Шаховской писал: «…Пушкин в своей известной надписи к портрету Чаадаева, как будто и восхваляя его, при всей своей любви и уважении «к единственному другу», нарисовал, по существу, вовсе не лестный его образ:
Всевышней волею небес Рожден в оковах службы царской, Он в Риме был бы Брут, в Афинах Периклес, А здесь — он офицер гусарский».Исследователь выделяет в пушкинских стихах, по сути дела, некоторые, как мы потом стали говорить, «анкетные данные», свидетельствующие о «социальном происхождении» Чаадаева, и словно бы вменяет их ему в вину. И далее: «В немногих словах удивительно метко схвачены социальные корни и промежуточная позиция Чаадаева: роковым образом все его силы связаны принадлежностью к русскому служилому дворянству, Периклесом или Брутом он был бы в Афинах, в Риме, таким рисуется он только в мечтах… Совсем не то в суровой действительности…
В противоположность этому, Якушкин рисуется поэту как личность без раздвоения, всегда готовая на дело, не ограничивающаяся мечтаниями и словами…» Автор приводит известные строки о «меланхолическом Якушкине», который «молча обнажал цареубийственный кинжал».
Я потревожил здесь имя Дм. Шаховского, очень ценимого мною автора, как иной раз приходится тревожить и иные очень ценимые и даже внутренне близкие имена, не всуе. А потому, что некоторые идеологические схемы и методологические предрассудки и держатся столь долго, столь упорно во многом силой авторитета подобных имен — имен ученых, которые по сути своего творчества, по своим собственным взглядам ничего общего с означенными схемами и предрассудками не имели, но, как бы отдавая «кесарю — кесарево», продолжают придавать всем этим схемам и предрассудкам весомость своего собственного авторитета, даже зачастую своего собственного обаяния. Ценимые имена в этом случае сами становятся существенным аргументом в пользу схем и предрассудков, длящих свое существование, паразитируя на добром имени, которое им удалось, как теперь принято говорить, интегрировать. Прием этот старый и известный, «времен Очакова и покоренья Крыма»; Дидро и Вольтер были далеко не последними его жертвами, сами решившиеся «перехитрить», быть может, тех, кто манипулировал их славой. Если, конечно, допустить тут определенную долю наивности с их стороны. Но и в этом случае их слабость была чуждой им силой.
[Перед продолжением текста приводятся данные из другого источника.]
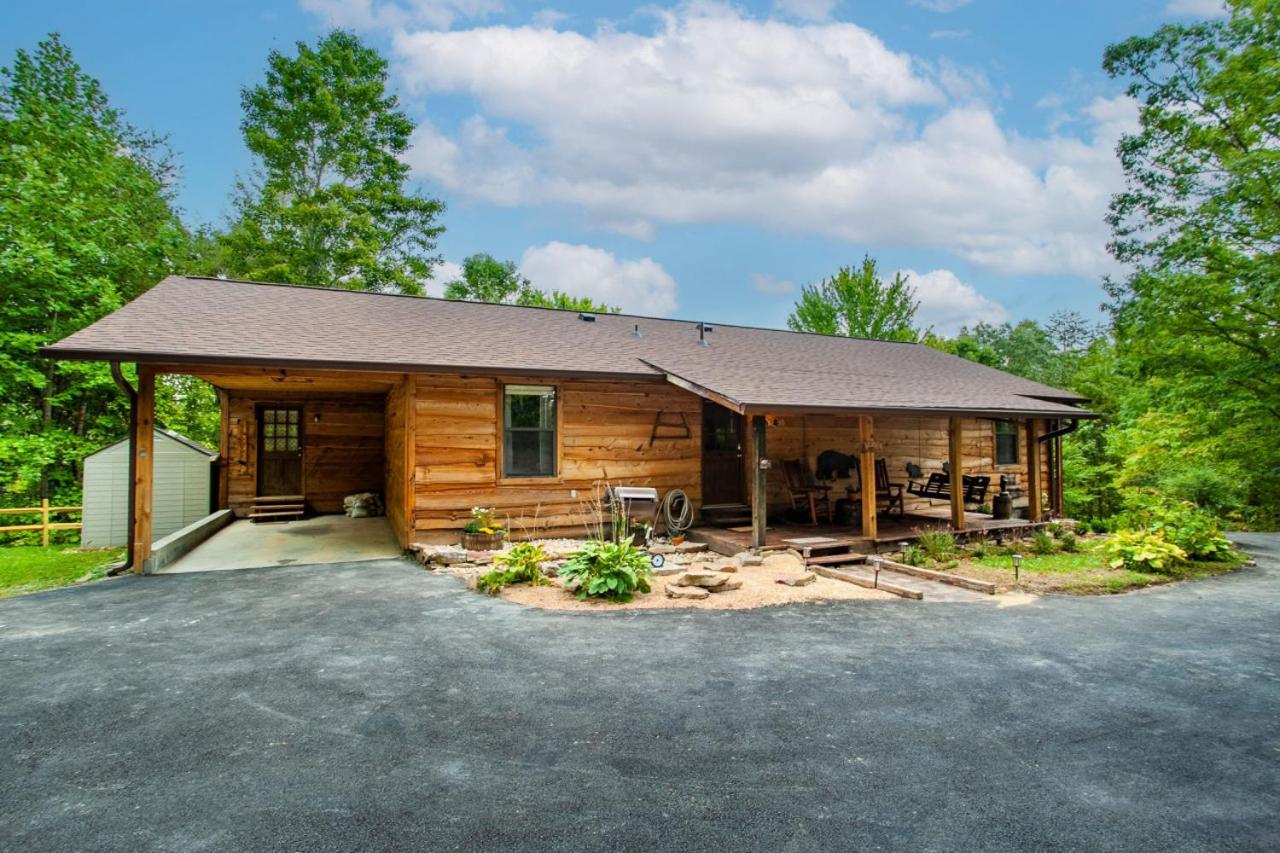 Forest Hot Tub Fire Pit Pool Table Holiday home
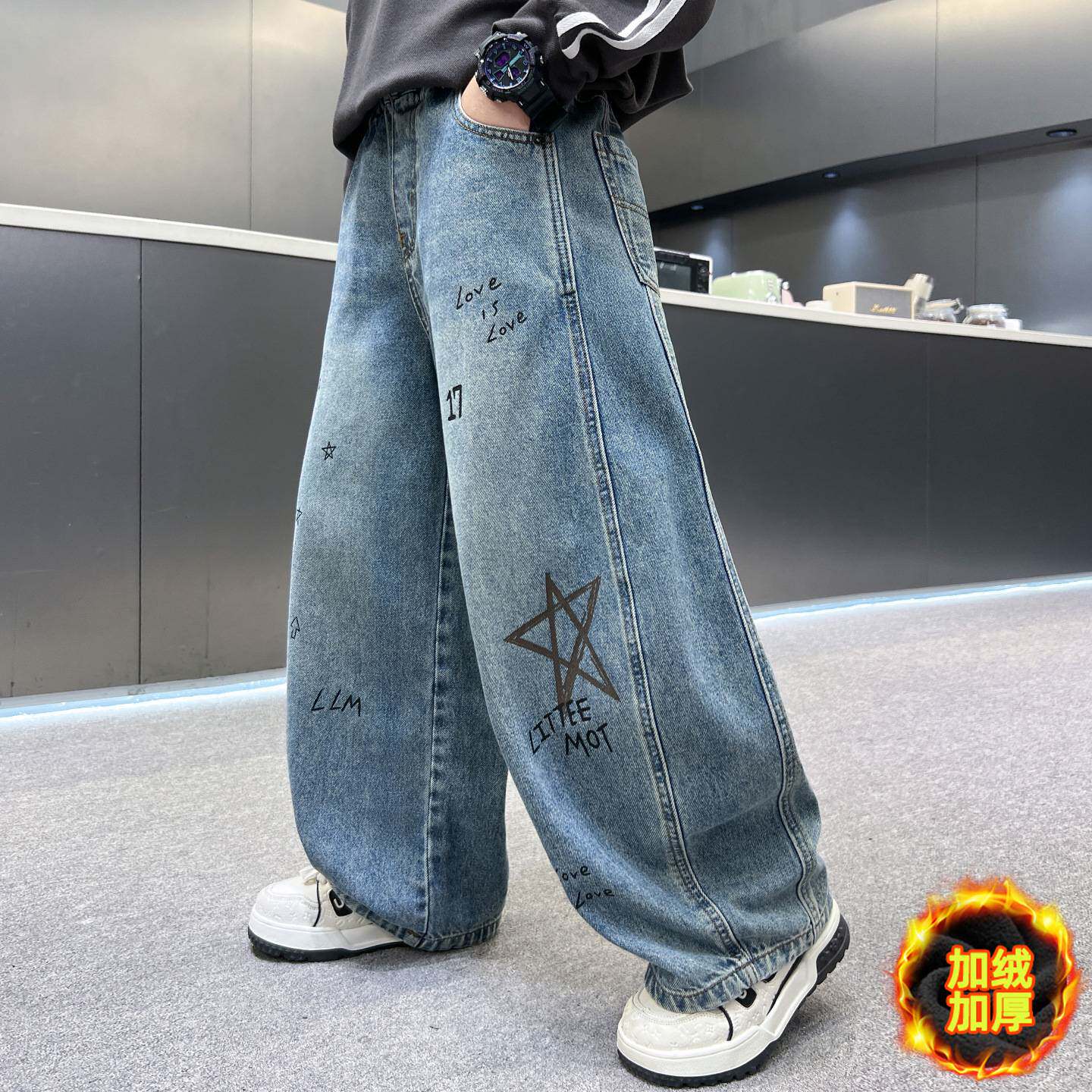 专柜品牌男童加绒牛仔裤韩范字母印花阔腿裤中大儿童秋冬季潮流时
И на Плеханова в свою очередь Шаховской старался как-то опереться напрасно. Уж кто-кто, а первый русский марксист Плеханов был, страдая многими, как мы знаем, иными грехами, очень при всем том далек от недооценки роли теории. Плеханов отлично знал, что, не нарисовав сначала «лодочку» в теории, недалеко или совсем не туда уплывешь на «всамделишной лодочке» практически-политического действия. А уж о противопоставлении «людей действия» «людям отвлеченной теории» у Плеханова, который как раз постоянно и пекся о преодолении дуализма во всех его проявлениях в ту пору своей борьбы с народническим «волюнтаризмом», и речи идти не могло. Вообще говоря, Плеханову, порой, как известно, скорее склонному к некой, быть может, переоценке «объективного фактора», было совершенно чуждо возвеличивание «кинжала» за счет принижения самого стремления к «выяснению общих начал» действительности.
К слову сказать, последнее обстоятельство проявилось и в той как раз оценке событий на Сенатской, которую дает Плеханов и которая, как мне кажется, еще недостаточно принимается во внимание теми из современных авторов, которые, исследуя события 14 декабря, едва ли не все свое внимание уделяют техническому, по существу, вопросу о том, в силу каких же это таких непростительных и почти необъяснимых промахов и ошибок возможное в действительности и вполне осуществимое с «чисто технической», военной точки зрения «дело» так и не совершилось, сорвалось.